I had long stayed away from David Lean's Ryan's Daughter (1970) because it had been so thoroughly drubbed by critics upon its release. But, in watching it in its newest DVD release, I was convinced that it was nearly as fine, in its own way, as Lean's previous efforts; it was really given the shaft by snooty film writers who expected something more "important" from the Oscar-winning director who toiled famously, and disastrously, on the film; the rainy coastal Irish locations refused to cooperate with the crew, and led to an expanded shooting schedule and ballooning budget; after waiting weeks to get even 30 seconds of useable film, everybody stateside thought Lean insane for going forth with the project. Ryan's Daughter strikes me as an intensely personal David Lean film, one more concerned with the more intimate stories of history rather than the broad likes of Lawrence of Arabia, Doctor Zhivago, and even the similar A Passage to India. Watching it now, Ryan's Daughter seems like a unfathomably gorgeous, if slightly overlong, trip into another world.

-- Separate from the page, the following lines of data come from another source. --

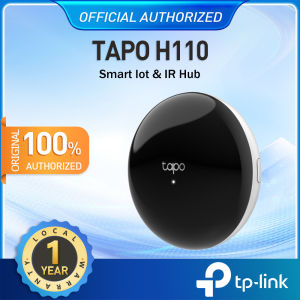 Tapo H110 Smart IR & IoT Hub - Universal Remote Control Voice & App Control for AC TV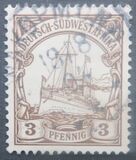 [The kaiser's Ship "Holenzollen", type C]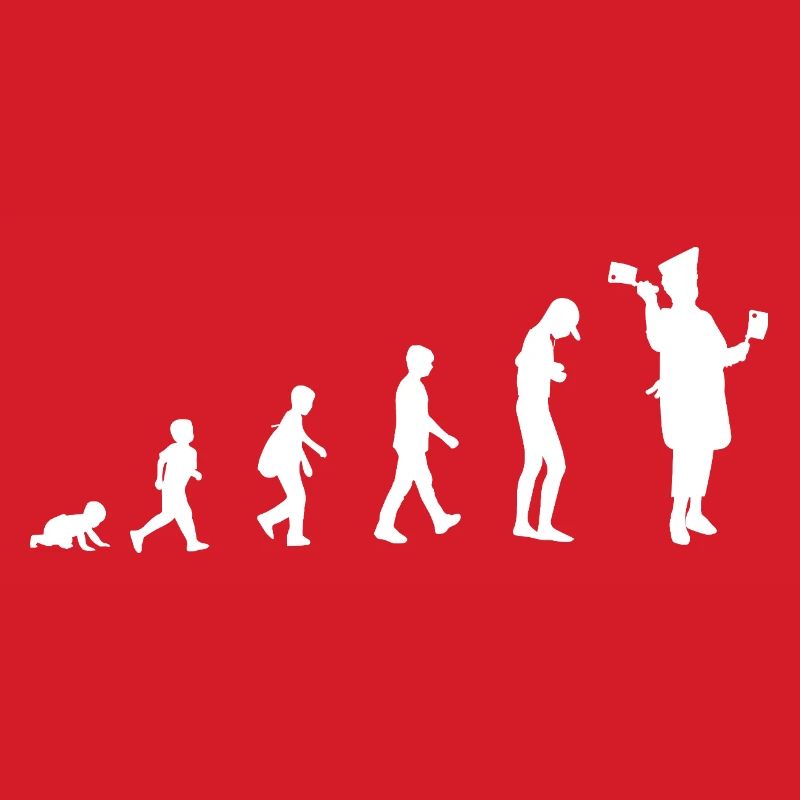 Évolution de bébé à boucher / métier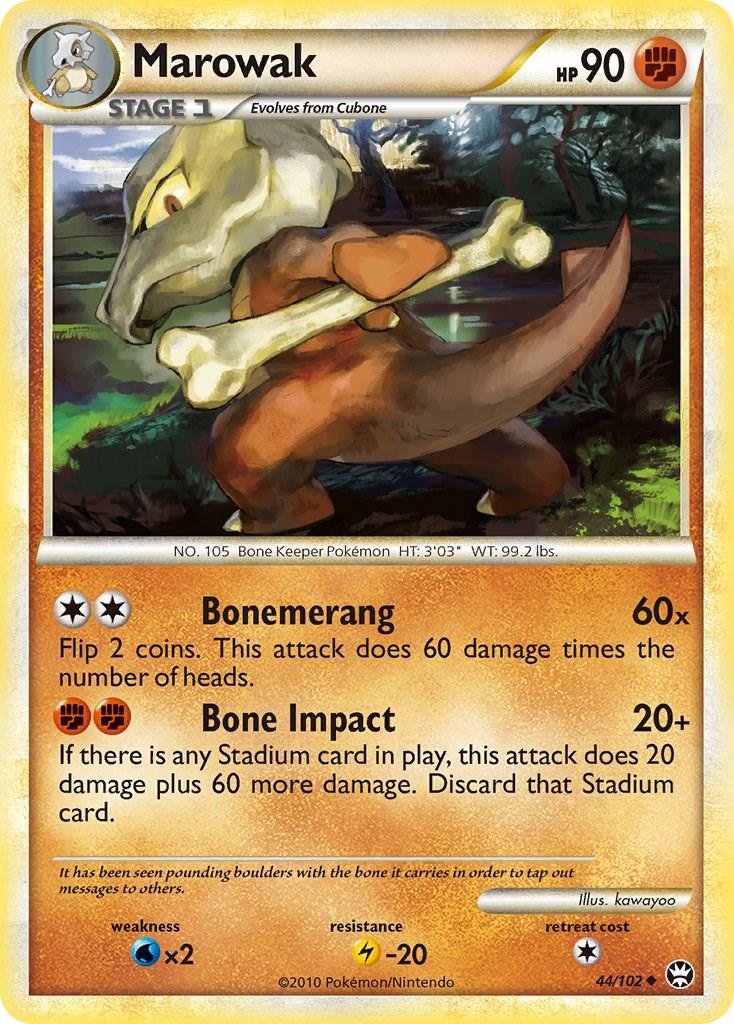 Marowak #44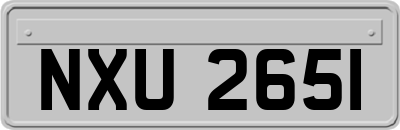 NXU2651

Basically, the film is screenwriter Robert Bolt's homage to Flaubert's Madame Bovary. Sylvia Miles is excellent as Rosy, the homely daughter of an Irish pub owner, who desperately marries a stodgy, aging Irish schoolteacher (Robert Mitchum). Disappointed by his bedroom performance (in a very sad scene), Rosy turns her eyes to Randolph Doryan (Christopher Jones), a shell-shocked British veteran of WWI who finds his way into this judgmental Irish town (the scene where he first arrives, tapping down the cobblestones with his wooden leg, is also extremely memorable). Rosy takes her desire for this man to its furthest extreme (leading to one of the greatest love scenes ever filmed, with Rosy meeting her British soldier on horseback in order to tryst amid the march of nature, as you can see below):
I'm not blind to the film's faults, its main one being Robert Bolt's sometimes tired screenplay. Bolt seems most engaged with the story's more intimate side; where he tries to fold in the Irish Troubles in order to make the film more political, a la Lawrence of Arabia and Doctor Zhivago, the film wobbles. I think you needed the Irish Troubles as a factor in the film in order to show the ultra-forbidden nature of the central romance. The climax--retrieving the black market guns being delivered seaside during a raging storm--does feel tacked on, and not nearly compelling as a political struggle. But it also sets up Miles/Mitchum's ultimate fate at the hands of the Brit-hating township, so I can forgive its presence. Ryan's Daughter ain't Lawrence of Arabia or even A Man for All Seasons, script-wise. But we couldn't expect Robert Bolt to hand us Grand Slams at every bat; that said, this film has plenty of fine scripting in it, to be sure (the movie hasn't garnered its small but rabid cult for nothing). Add to that the emotive Oscar-winning photography by Freddie Young, some exacting sound work and gorgeous art direction, a surprisingly gentle Robert Mitchum, a flighty Sarah Miles, mournful Christopher Jones (I like that the teardrop-like scar on his cheek fades away as he gets deeper into passion with Miles), scolding Trevor Howard as the town priest, suspicious Leo McKern as Miles' father (the title Ryan), and the superb, unrecognizable John Mills in an Oscar-winning performance as the town fool, Ryan's Daughter should rightfully take its place, critics be damned, amongst David Lean's most well-regarded efforts.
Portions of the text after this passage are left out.